Farmers Grow a New Stream of Revenue Through Vertical Farming
Cashmore is a for-profit farmer in Northern Illinois
In January, the open fields of Harvard, Illinois — a far northwestern suburb of Chicago — are biting and bone-chilling. Inside Kirk Cashmore’s barn, it is a fair 72°F, the perfect temperature for producing leafy heads of lettuce through vertical hydroponics — the practice of water-based gardening with vertically stacked shelving in a controlled environment.
Since 2011, Cashmore has been the only for-profit vertical hydroponic farmer in Northern Illinois. His pesticide- and chemical-free lettuce is served at Duke’s Alehouse and Kitchen, a popular, Green-certified restaurant in nearby Crystal Lake. It's also sold at biweekly basket drops along the North Shore and in the Madison, Wisconsin, metro area.
“Working for my grandfather as a big-acre farmer for many years taught me how things worked," Cashmore said. "I always knew I wanted to be a farmer, but I wanted to take a different approach to it. I didn't have the capital or the money to buy big acres to start a traditional farm, so I went around the Midwest and looked at farms that were growing hydroponically and figured out how to start my own.”
A GROWING INDUSTRY
According to a recent report, the vertical farming market is estimated to be valued at $5.8 billion by 2022, growing at a compound annual growth rate of 24.8 percent between 2016 and 2022.
Factors driving growth of the vertical farming market include generating high-quality food without the use of pesticides, less dependency on the weather for production, a growing urban population, an increase in the year-round production of crops, and reduced impact on the environment.
“The beauty of hydroponic farming is there really is no downtime … I have assets throughout the whole winter and am the only game in town when it comes to winter production of lettuce, Swiss chard, kale, and all the small greens that can be harvested hydroponically,” Cashmore said.
None of his yield is ever wasted. Unsold (yet still edible) greens are donated to a local food pantry, and wilted or damaged heads are sent to the compost bin.
Inside Cashmore’s 3,500-square-foot building, three vertically stacked shelves built from recycled materials provide room for up to 4,000 heads of lettuce. Each shelf grows approximately 1,200 heads, or about five heads per square foot, which Cashmore reports is the number to beat in the world of vertical hydroponics. With room in his barn to still expand out- and upwards, Cashmore has the potential to harvest nearly 8,000 heads.
Plants are seeded in rockwool, a lava-like medium that allows for more oxygen than soil or water, and an ebb and flow pumping system supplies water to the roots. Cashmore checks pH levels daily.
Winter in the Midwest means long periods of grey, cloudy skies. An electronic timer ensures lights remain on based on the amount of sun — typically 16 hours a day, seven days a week. Relying on the timer to turn lights on and off as needed gives Cashmore — a one-man show — the freedom to tend to other business without worrying.

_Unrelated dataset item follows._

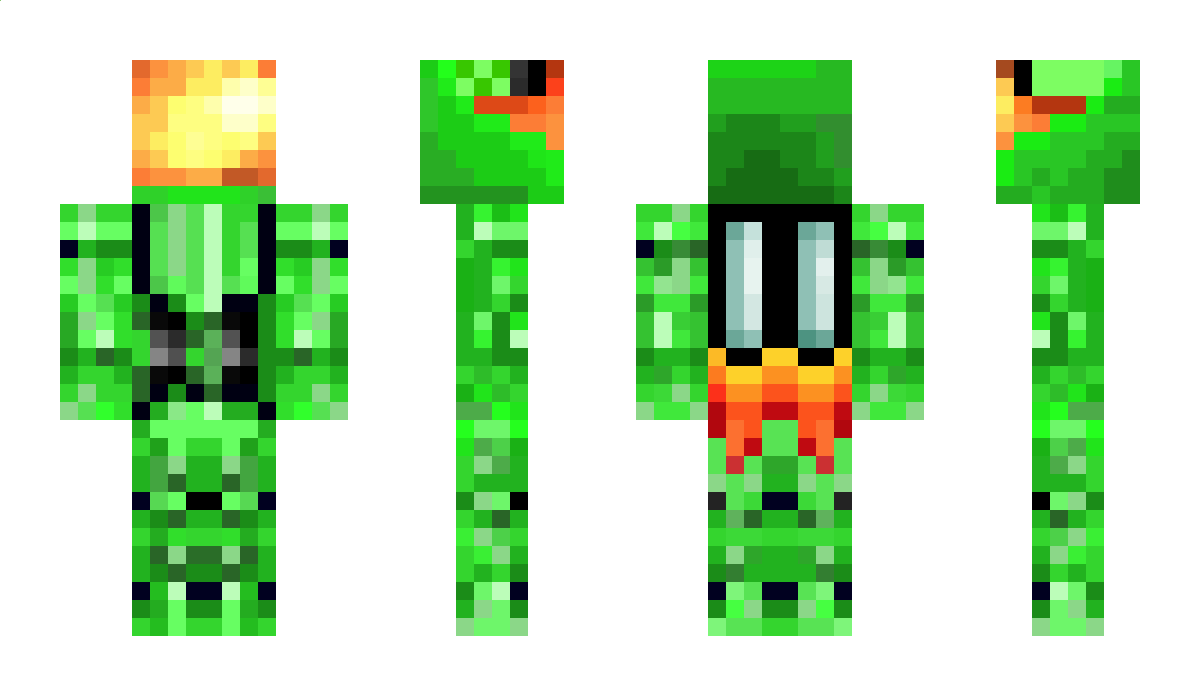 Pajams Minecraft Skin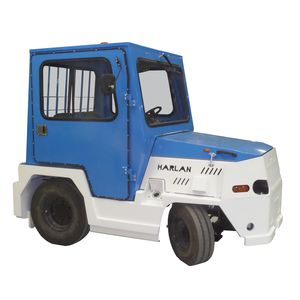 trator push-back / com barra de reboque / para carrinhos de bagagem / elétrico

“Timers are very important for turning lights and fans on and off,” Cashmore said. “Having an electronic timer makes this an automated sport, so I can have more time with my family and friends. It gives me more time to not have to work.”
He also believes that ensuring a good supply of oxygen is absolutely vital to growing success. Floating rafts of lettuce — or any system where roots are permanently soaked in water — offer little available oxygen, since the solubility of oxygen in water is remarkable low. Cashmore monitors how much oxygen his roots have and uses an ozone system to kill bacteria, control oxygenation, and keep the water sanitized. This has eliminated the need to use chemicals like chlorine or hydrogen peroxide.
“I find that if something is worth doing, it's worth doing right," Cashmore said. "As a father of three little girls, I have no tolerance for chemicals going home and into my kids’ mouths. I want to make the best produce that I can for my family, my clients, and my friends.”
ORGANICALLY GROWN PRODUCE
One of the biggest benefits of hydroponic farming is the superb quality of the produce. Plants don’t spend any time outside in the wind, dirt, or rain, and they grow in a controlled environment that is bug-, chemical-, and pesticide free. This creates greens with unmatched body and texture. As more and more people buy organic and seek out locally grown produce, demand is certain to grow. Cashmore envisions remaining profitable and productive by adding more capacity to double or triple the lettuce headcount along with growing a variety of other vegetables in the winter.
“From school field trips to other farmers and private citizens, there’s an increasingly large interest in my hydroponics facility. I hope to see more vertical hydroponic farms popping up in the area over the next decade.”